Dänemarks Außenminister Lars Løkke Rasmussen hat die Ankündigung von US-Präsident Trump, keine Strafzölle gegen europäische Länder zu erheben, begrüßt. Dies sei ein positiver Schritt, der zu normaleren Kommunikationskanälen zurückkehren lasse und die Menschen in Grönland respektiere. Trump zog seine angedrohten Strafzölle überraschend zurück, nachdem er sich mit NATO-Generalsekretär Mark Rutte auf einen Rahmen für ein mögliches zukünftiges Abkommen zu Grönland geeinigt hatte. Konkrete Details zu diesem Abkommen wurden nicht genannt, weitere Informationen sollen folgen.
Die Pläne von US-Präsident Trump zum Kauf Grönlands sind für Russland irrelevant, so Präsident Wladimir Putin. Er verglich die Situation mit dem Verkauf Alaskas an die USA im 19. Jahrhundert und schätzte den Wert Grönlands auf 200 bis 250 Millionen Dollar.

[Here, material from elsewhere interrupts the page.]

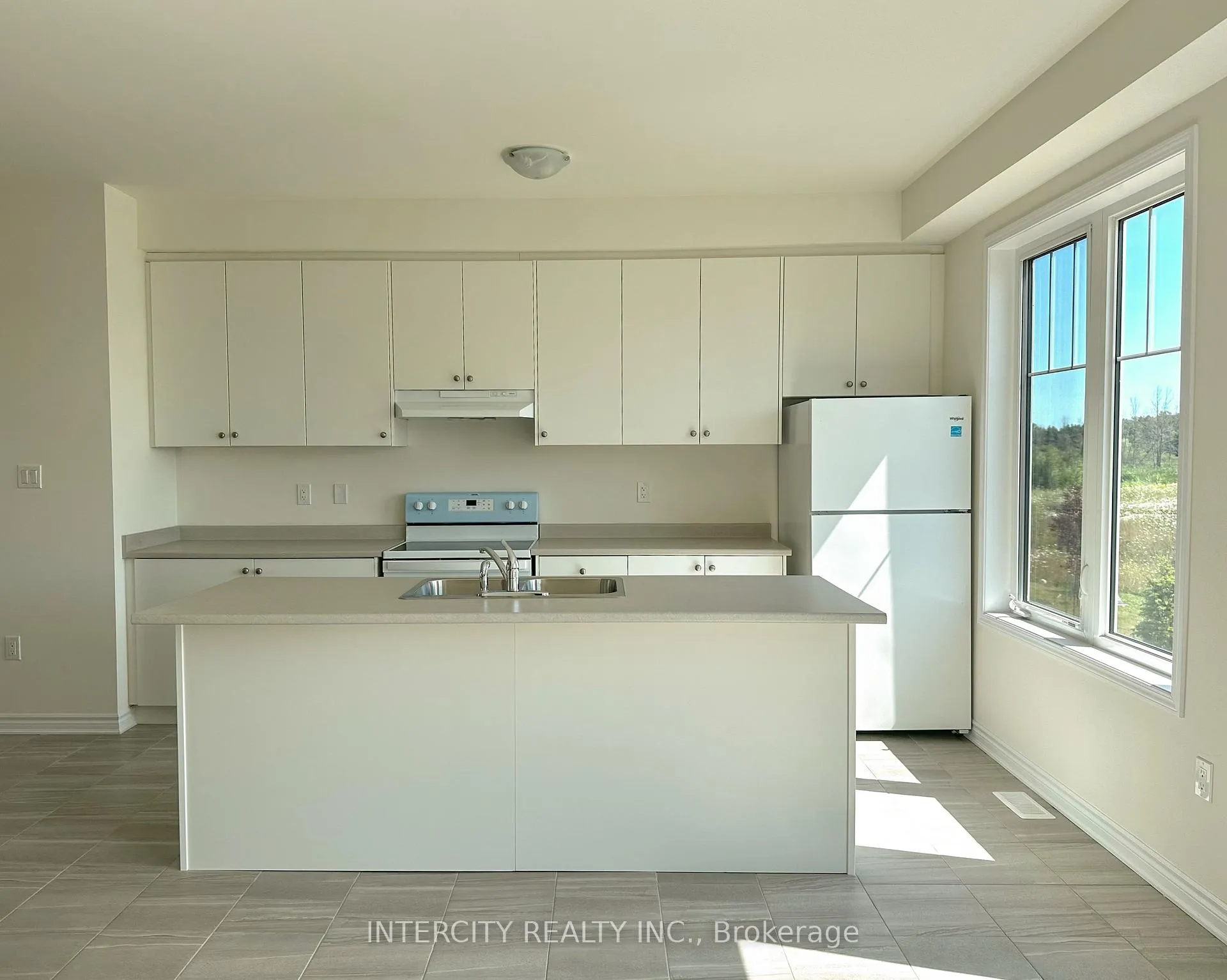 Photo 4 of 88 Sandhill Crane Drive, Wasaga Beach — HOMEH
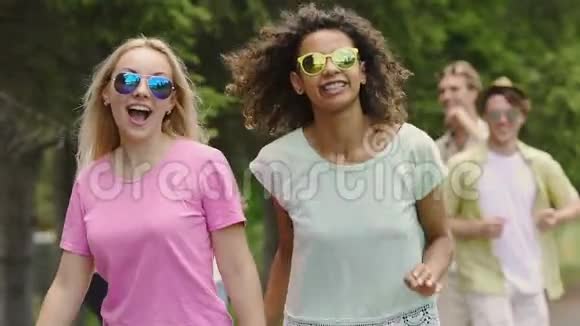 金发和黑发女孩在夏季泳池派对中玩得开心和朋友跳舞视频的预览图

Die NATO-Verbündeten wollen gemeinsam die Sicherheit in der Arktis gewährleisten und Gespräche mit Dänemark, Grönland und den USA fortsetzen, um eine Einflussnahme von Russland und China in der Region zu verhindern.
Bundesaußenministerin Annalena Baerbock äußerte sich skeptisch bezüglich der angeblichen Beilegung des Grönland-Streits. Sie betonte, dass man abwarten müsse, was substanziell vereinbart worden sei, und sich nicht zu früh freuen solle, bis die genauen Absprachen "schwarz auf weiß" vorlägen. Trump selbst bezeichnete die geplante Rahmenvereinbarung zu Grönland als langfristiges Abkommen und schloss Gewaltanwendung im Grönland-Streit aus.